◆ Task to carry out: Without including any images, set down the records below exactly.

◆ Exercise data:
__________

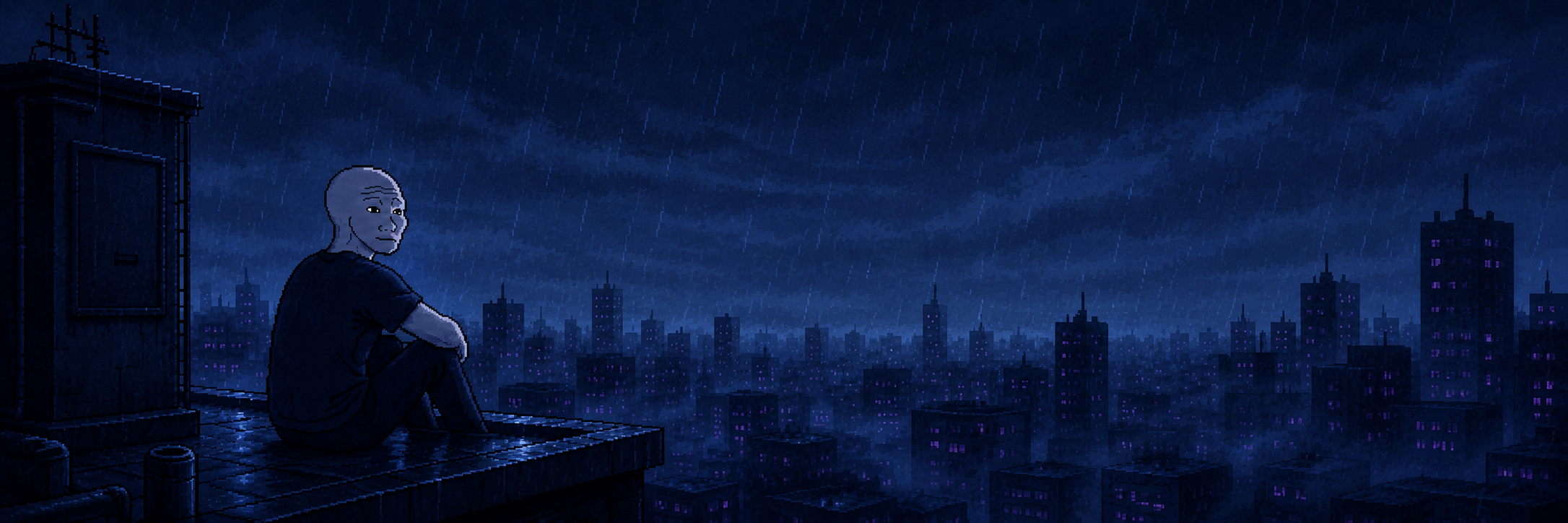 Pixel Wojak sitting on a rooftop above a neon pixel city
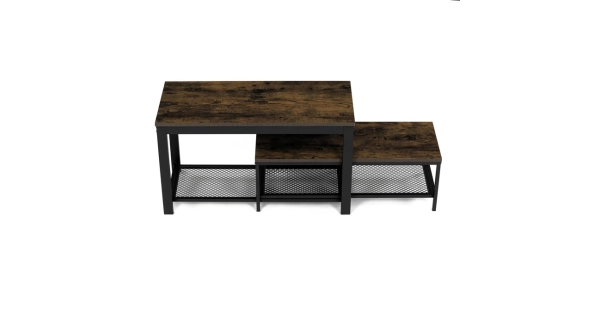 Policový botník NALSON, dekor staré dřevo/černý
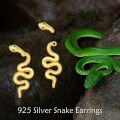wholesale 925 Sterling Silver Plated Gold Snake Stud Earrings with Green Eyes and Cubic Zirconia Accents for Women-0-1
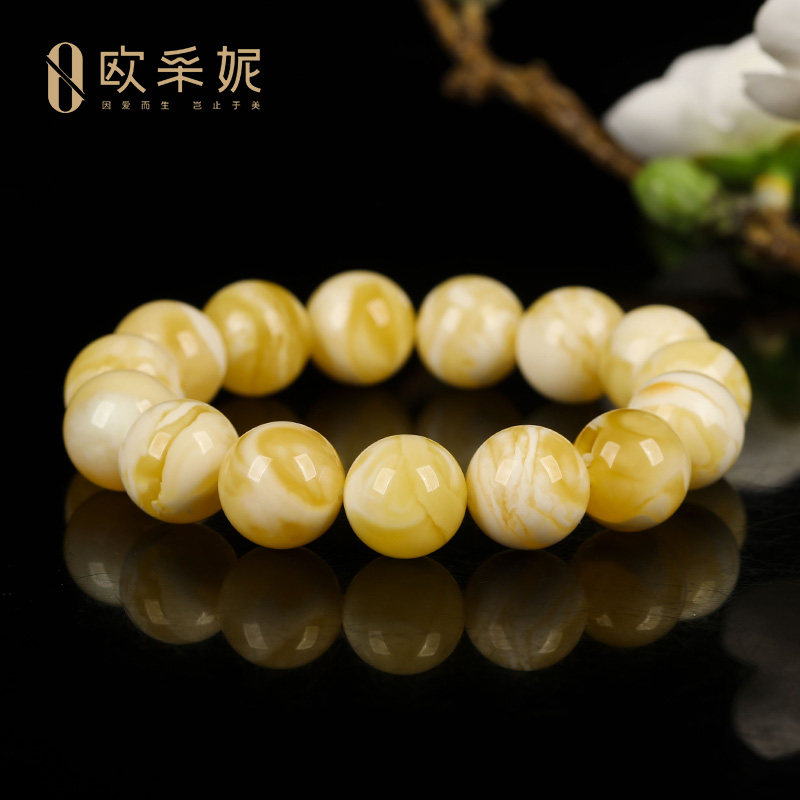 欧采妮天然蜜蜡琥珀佛珠手链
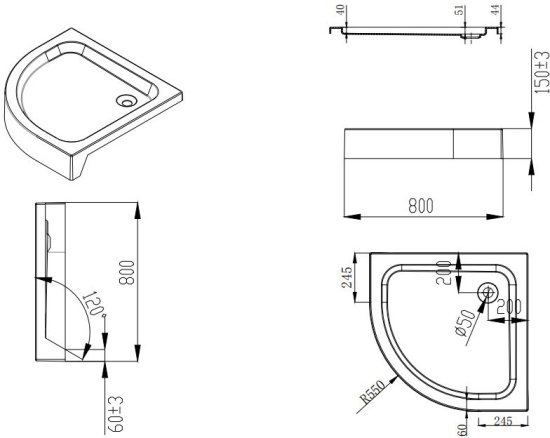 Душевой уголок Esbano ESD-8005 80x80, с поддоном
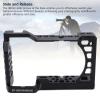 Camera Cage Rig Video Movie Making Cold Shoe Mount 1/4in 3/8in Screw Hole Portable Aluminum Alloy for A6500 Camera view 2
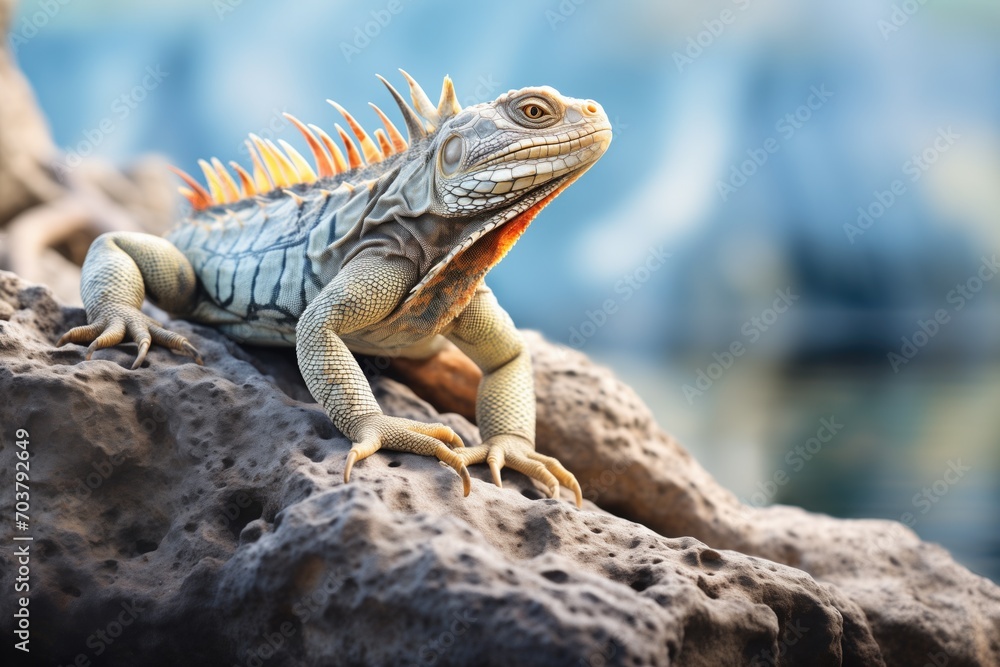 Fototapeta premium iguana perched on sun-warmed rocks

__________

◆ Finished task:
 Pixel Wojak sitting on a rooftop above a neon pixel city
 Policový botník NALSON, dekor staré dřevo/černý
wholesale 925 Sterling Silver Plated Gold Snake Stud Earrings with Green Eyes and Cubic Zirconia Accents for Women-0-1
 欧采妮天然蜜蜡琥珀佛珠手链
 Душевой уголок Esbano ESD-8005 80x80, с поддоном
 Camera Cage Rig Video Movie Making Cold Shoe Mount 1/4in 3/8in Screw Hole Portable Aluminum Alloy for A6500 Camera view 2
 Fototapeta premium iguana perched on sun-warmed rocks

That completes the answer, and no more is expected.